Sewn closures should be stitched three or four to the inch and should be sewn parallel to the top of the sack. Closer stitching may weaken the top. Stitches should be cushioned with cotton or paper filler cord. Sewn closures should be taped before or after stitching.

Equipment for Loading

Filled paper shipping sacks should be stowed aboard and discharged from ships by the use of canvas slings of adequate length, platforms with spreader bars or palletized loads. All gear used should be able to prevent ropes or cables from damaging sacked cargo. No hooks or dragging devices should be used.

Wooden platform slings should not be raised from nor lowered onto unprotected stacks of paper sacks. Cargo with sharp edges and corners should be stored and unloaded separately. Sacks should be stowed at least six inches away from beams and the skin of the ship. Beams and angles should be covered with liner paper and a light tarpaulin should be used to cover loads.

Cargo in filled shipping sacks should be stowed away from steam pipes or other heating units. Sacks should be kept dry with good circulation of air throughout and stowed away from oil, acid or other liquid cargo.

Salvaging Paper Shipping Sacks



Palletized bales of emptied shipping sacks await shipment to recycling facility.

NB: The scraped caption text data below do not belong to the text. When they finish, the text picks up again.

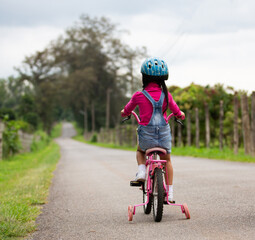 little girl riding a bike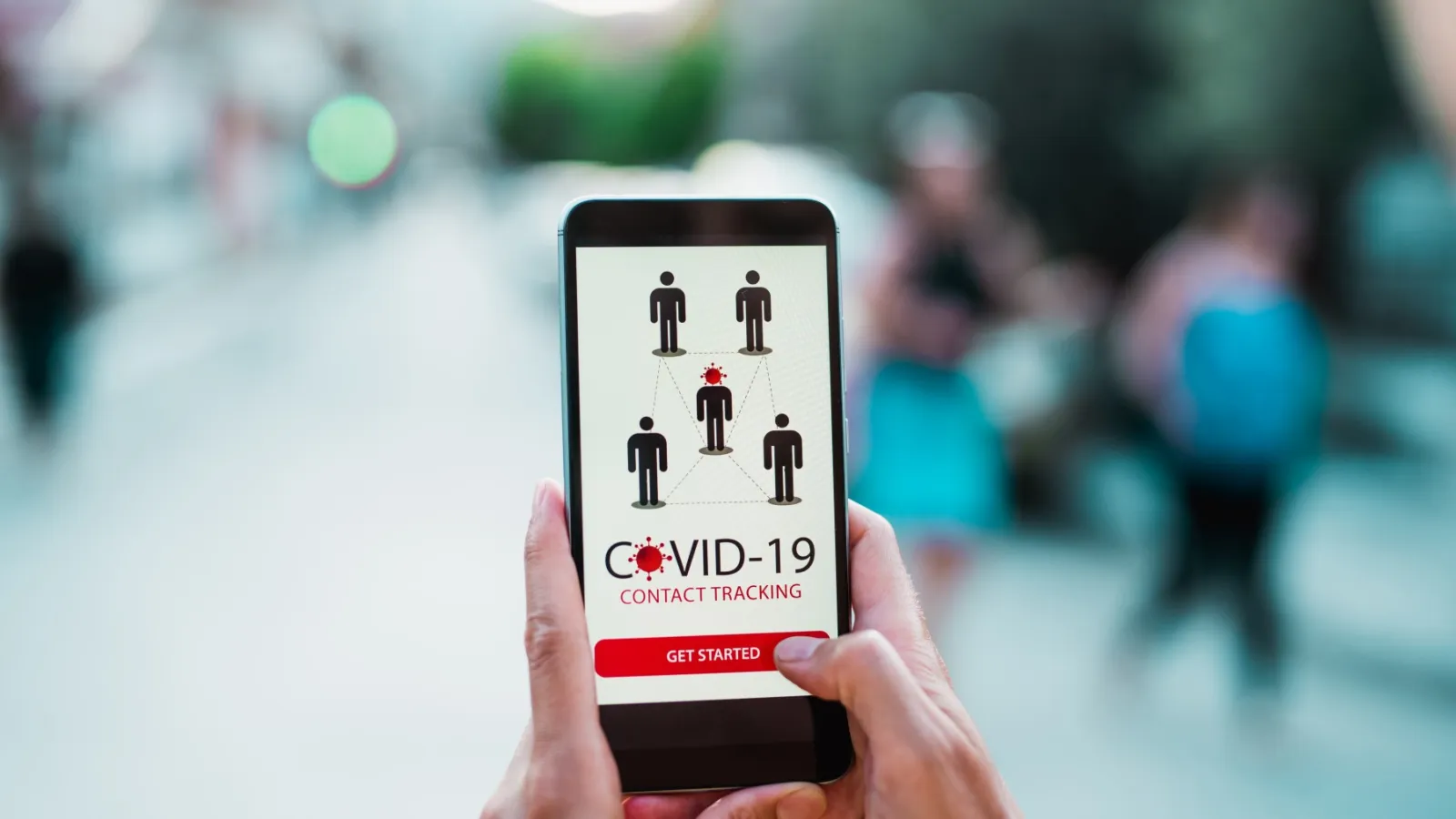 Hands holding a smart phone, looking at a COVID-19 tracing app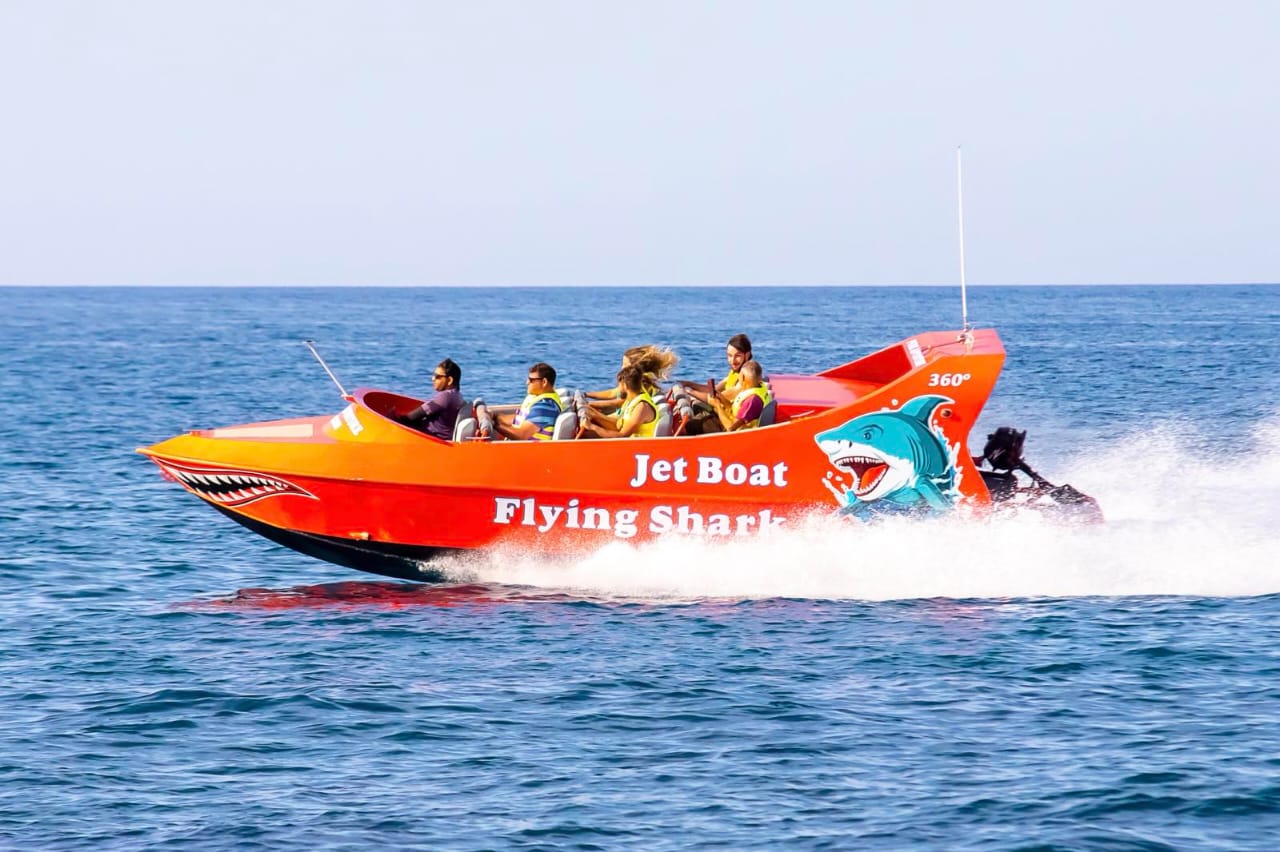 Family fun jet boat experience with scenic coastal backdrop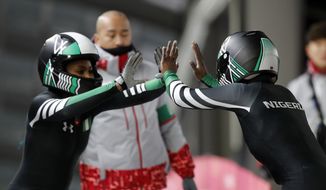 Driver Seun Adigun, right, and Akuoma Omeoga of Nigeria finish their second heat during the women&#39;s two-man bobsled competition at the 2018 Winter Olympics in Pyeongchang, South Korea, Tuesday, Feb. 20, 2018. (AP Photo/Andy Wong)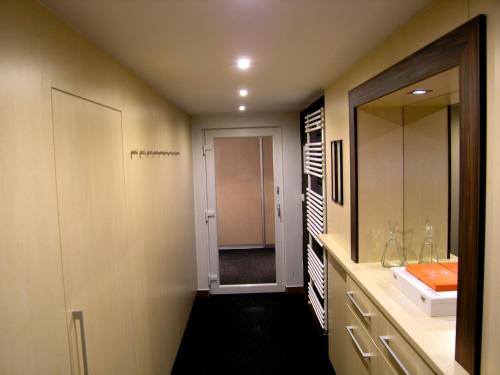 a bathroom with a sink and a mirror at Vila Anna Wellness in Halenkov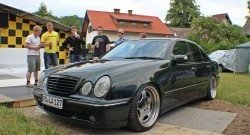 12 599 р. Передний бампер AMG  Mercedes-Benz E-Class  W210 (1996-1999) дорестайлинг седан, дорестайлинг универсал (Неокрашенный)  с доставкой в г. Воронеж. Увеличить фотографию 1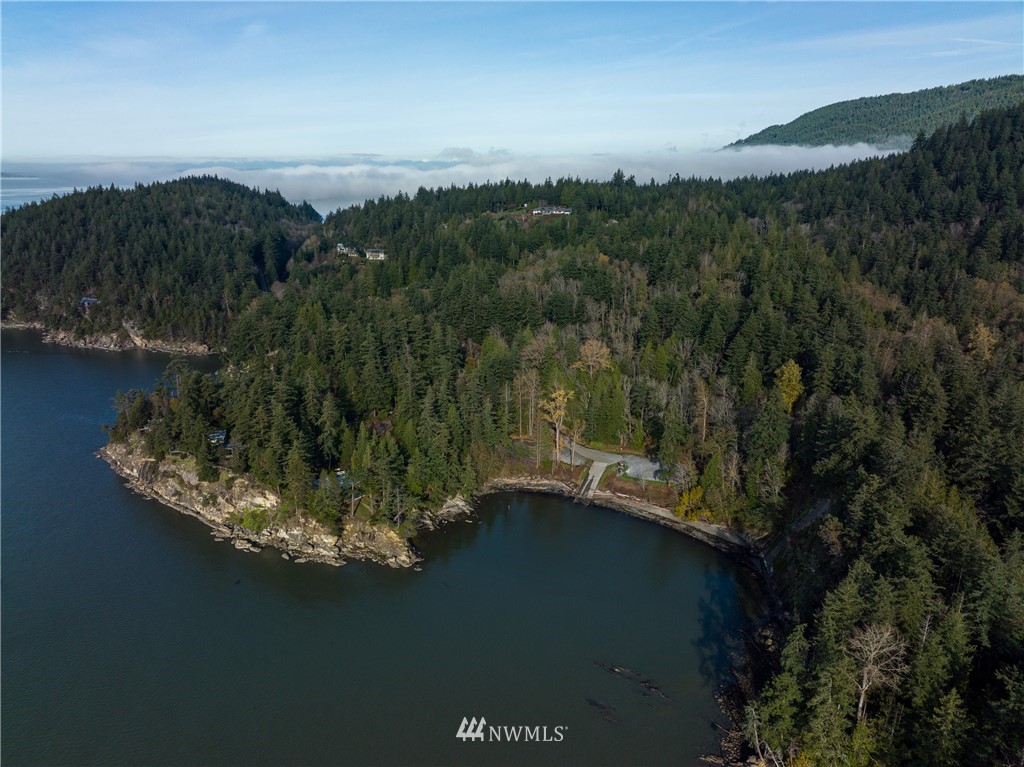 340 Cove Road Bellingham, WA 98229 - Photo 36 of 40 a view of a lake in middle of forest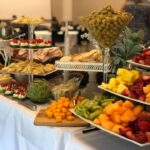 A buffet table with a variety of food on it.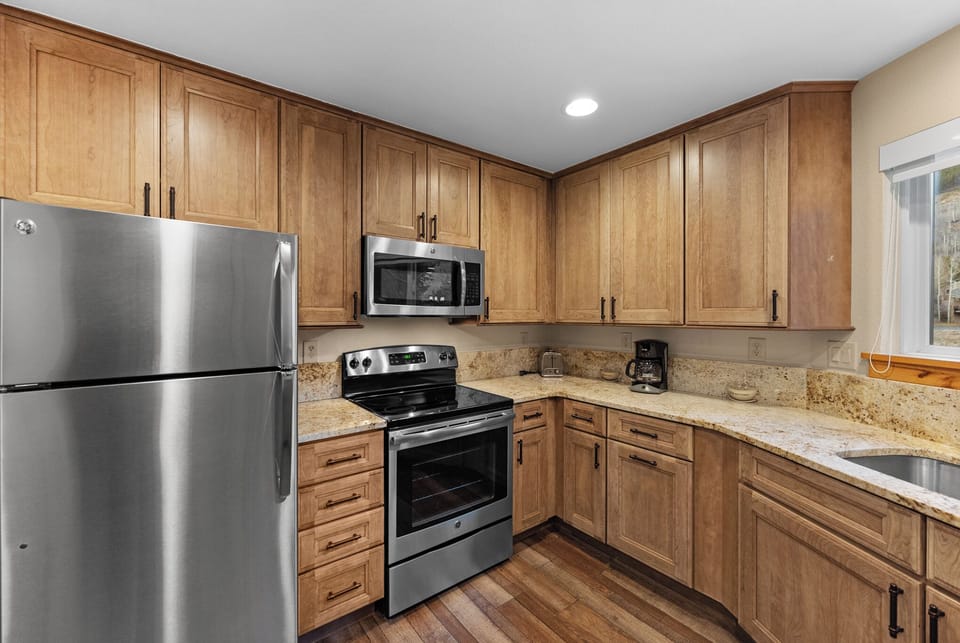 Your fully equipped kitchen features warm wood cabinets, granite counters, and stainless steel appliances—perfect for preparing meals during your stay.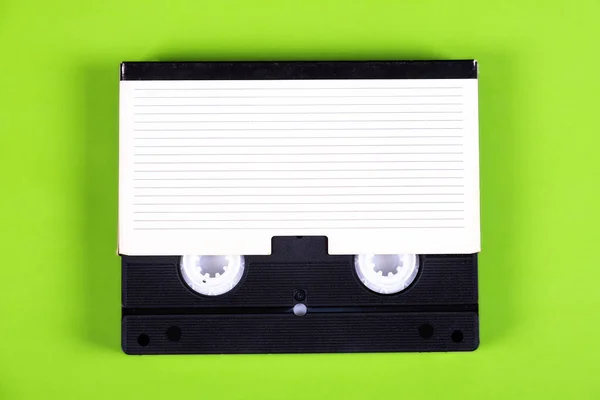 Retro Videoband Kassett Med Låda Grönbok Bakgrund — Stockfoto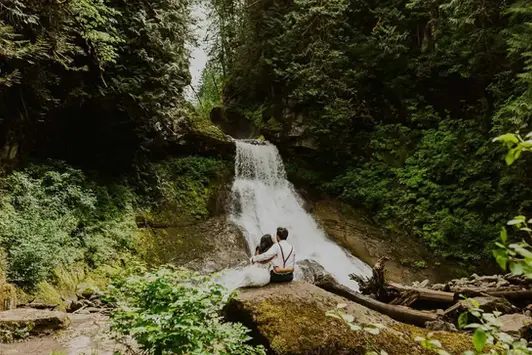 couple sitting at a waterfall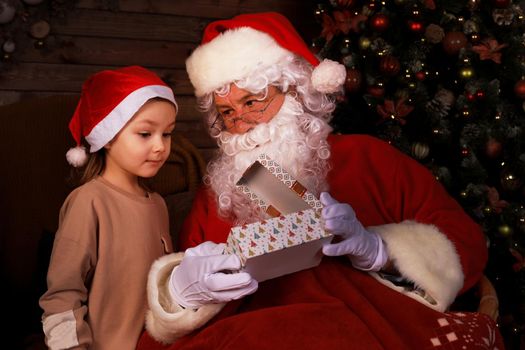 Santa Claus and child at home. Christmas gift. Family holiday concept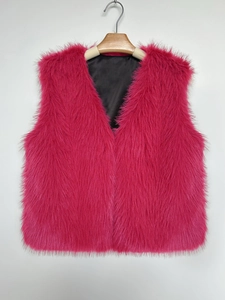 Detailed close-up of rose pink faux fur vest featuring soft texture and black satin lining
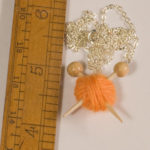 Orange Knitting Necklace Knitting Needles and Yarn Ball necklace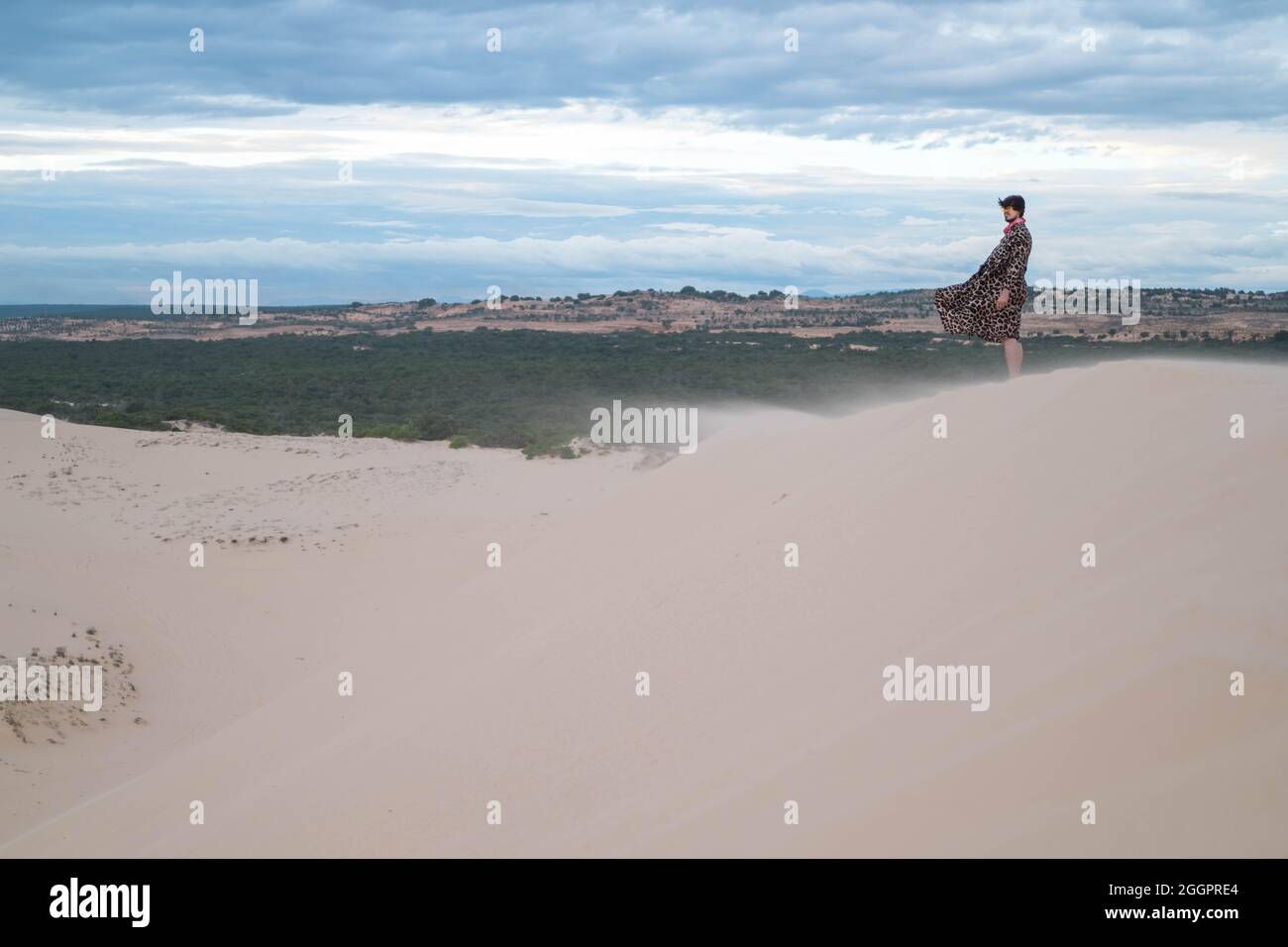 Wanderer walking in the desert. Young man standing in white sand dunes. Stranger in desert. Sand flies in the wind. Clothes fluttering in the wind Stock Photo
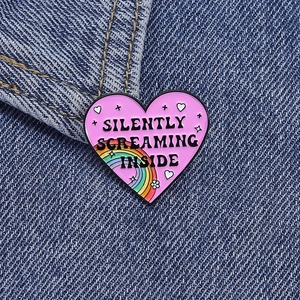 Silently Screaming Inside rainbow pink heart enamel pin badge on blue denim jacket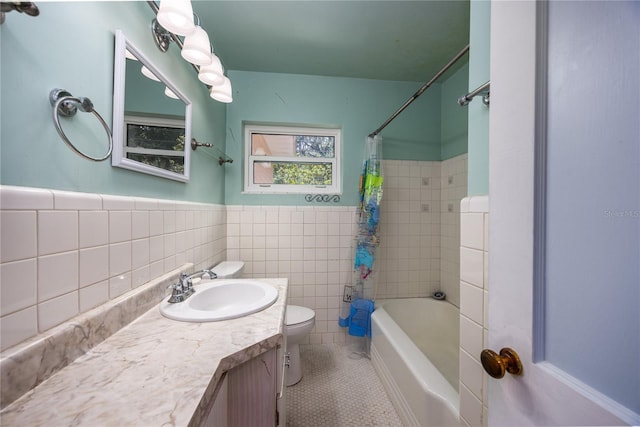 1814 NE 7th St, Gainesville, FL 32609 - bathroom featuring tile patterned flooring, shower / bath combo with shower curtain, vanity, a wainscoted wall, and tile walls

Sacks which can be resold or reused should be trimmed below the sewing line. By neatly tucking in the gussets, they can be stacked flat in orderly bales for resale.  

The symbol "ANK" printed on sacks signifies that the sack is made of "all natural kraft" and frequently may be repulped. The "recyclable" symbol on a shipping sack indicates materials used in the sack are normally recyclable. Assuming the necessary recycling infrastructure exists, actual recyclability of a shipping sack depends on a number of factors. Sacks constructed with plastic liners, wet strength paper or other types of non-water-soluble papers (including tapes and sleeves) may not be salvageable for repulping. The end use of a paper shipping sack may also affect suitability for recycling.

Taking Samples Of Materials

Often, samples of a shipped product need to be obtained. If the sack has a valve, a sampling tube may be inserted through the valve. When there is no valve, a few stitches should be cut from the sack closure and the sampling tube inserted through the opening. The opening is then closed with staples (for products other than foods or feeds).

When sampling food or feed products in sacks, an opening made by a sampling tube may be closed easily by the use of pressure-sensitive tape. Where provided, state regulations for sampling procedures should be followed.